▶ [WHAT YOU WILL DO]: The response should contain every record, reproduced exactly.

▶ [SOURCE RECORDS]:

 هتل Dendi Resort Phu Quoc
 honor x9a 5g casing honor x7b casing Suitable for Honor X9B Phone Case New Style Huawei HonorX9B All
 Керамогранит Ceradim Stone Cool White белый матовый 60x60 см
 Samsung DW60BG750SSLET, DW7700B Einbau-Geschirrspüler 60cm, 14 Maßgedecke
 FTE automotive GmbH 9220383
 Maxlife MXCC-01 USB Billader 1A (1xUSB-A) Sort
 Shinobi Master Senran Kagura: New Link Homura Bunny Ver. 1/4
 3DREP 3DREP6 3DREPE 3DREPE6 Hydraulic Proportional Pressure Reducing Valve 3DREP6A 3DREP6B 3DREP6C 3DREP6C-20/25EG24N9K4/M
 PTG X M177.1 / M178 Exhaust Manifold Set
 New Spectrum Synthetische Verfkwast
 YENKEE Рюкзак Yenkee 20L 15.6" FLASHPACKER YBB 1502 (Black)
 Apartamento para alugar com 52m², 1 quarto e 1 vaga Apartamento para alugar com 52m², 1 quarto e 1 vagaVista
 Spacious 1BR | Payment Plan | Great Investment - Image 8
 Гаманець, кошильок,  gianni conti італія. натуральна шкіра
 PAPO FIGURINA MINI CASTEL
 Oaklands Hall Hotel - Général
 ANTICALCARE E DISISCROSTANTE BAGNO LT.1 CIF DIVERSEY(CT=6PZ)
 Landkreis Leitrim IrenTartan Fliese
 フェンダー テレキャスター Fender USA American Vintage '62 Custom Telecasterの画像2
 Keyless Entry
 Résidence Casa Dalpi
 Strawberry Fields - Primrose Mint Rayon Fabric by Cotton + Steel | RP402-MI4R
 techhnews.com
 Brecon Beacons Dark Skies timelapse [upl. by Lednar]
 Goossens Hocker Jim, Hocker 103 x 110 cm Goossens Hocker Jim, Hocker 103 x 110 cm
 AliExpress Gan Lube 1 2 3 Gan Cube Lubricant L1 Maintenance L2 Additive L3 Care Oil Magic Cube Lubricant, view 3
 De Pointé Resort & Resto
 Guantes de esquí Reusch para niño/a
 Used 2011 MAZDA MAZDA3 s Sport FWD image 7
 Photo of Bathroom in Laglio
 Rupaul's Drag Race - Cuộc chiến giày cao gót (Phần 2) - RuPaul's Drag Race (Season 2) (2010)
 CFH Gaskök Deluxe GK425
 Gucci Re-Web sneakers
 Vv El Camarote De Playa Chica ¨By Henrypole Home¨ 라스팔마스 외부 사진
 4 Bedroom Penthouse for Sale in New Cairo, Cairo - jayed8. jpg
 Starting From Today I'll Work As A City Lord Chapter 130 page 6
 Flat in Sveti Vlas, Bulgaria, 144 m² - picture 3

▶ [SOLUTION]:
 هتل Dendi Resort Phu Quoc
 honor x9a 5g casing honor x7b casing Suitable for Honor X9B Phone Case New Style Huawei HonorX9B All
 Керамогранит Ceradim Stone Cool White белый матовый 60x60 см
 Samsung DW60BG750SSLET, DW7700B Einbau-Geschirrspüler 60cm, 14 Maßgedecke
 FTE automotive GmbH 9220383
 Maxlife MXCC-01 USB Billader 1A (1xUSB-A) Sort
 Shinobi Master Senran Kagura: New Link Homura Bunny Ver. 1/4
 3DREP 3DREP6 3DREPE 3DREPE6 Hydraulic Proportional Pressure Reducing Valve 3DREP6A 3DREP6B 3DREP6C 3DREP6C-20/25EG24N9K4/M
 PTG X M177.1 / M178 Exhaust Manifold Set
 New Spectrum Synthetische Verfkwast
 YENKEE Рюкзак Yenkee 20L 15.6" FLASHPACKER YBB 1502 (Black)
 Apartamento para alugar com 52m², 1 quarto e 1 vaga Apartamento para alugar com 52m², 1 quarto e 1 vagaVista
 Spacious 1BR | Payment Plan | Great Investment - Image 8
 Гаманець, кошильок,  gianni conti італія. натуральна шкіра
 PAPO FIGURINA MINI CASTEL
 Oaklands Hall Hotel - Général
 ANTICALCARE E DISISCROSTANTE BAGNO LT.1 CIF DIVERSEY(CT=6PZ)
 Landkreis Leitrim IrenTartan Fliese
 フェンダー テレキャスター Fender USA American Vintage '62 Custom Telecasterの画像2
 Keyless Entry
 Résidence Casa Dalpi
 Strawberry Fields - Primrose Mint Rayon Fabric by Cotton + Steel | RP402-MI4R
 techhnews.com
 Brecon Beacons Dark Skies timelapse [upl. by Lednar]
 Goossens Hocker Jim, Hocker 103 x 110 cm Goossens Hocker Jim, Hocker 103 x 110 cm
 AliExpress Gan Lube 1 2 3 Gan Cube Lubricant L1 Maintenance L2 Additive L3 Care Oil Magic Cube Lubricant, view 3
 De Pointé Resort & Resto
 Guantes de esquí Reusch para niño/a
 Used 2011 MAZDA MAZDA3 s Sport FWD image 7
 Photo of Bathroom in Laglio
 Rupaul's Drag Race - Cuộc chiến giày cao gót (Phần 2) - RuPaul's Drag Race (Season 2) (2010)
 CFH Gaskök Deluxe GK425
 Gucci Re-Web sneakers
 Vv El Camarote De Playa Chica ¨By Henrypole Home¨ 라스팔마스 외부 사진
 4 Bedroom Penthouse for Sale in New Cairo, Cairo - jayed8. jpg
 Starting From Today I'll Work As A City Lord Chapter 130 page 6
 Flat in Sveti Vlas, Bulgaria, 144 m² - picture 3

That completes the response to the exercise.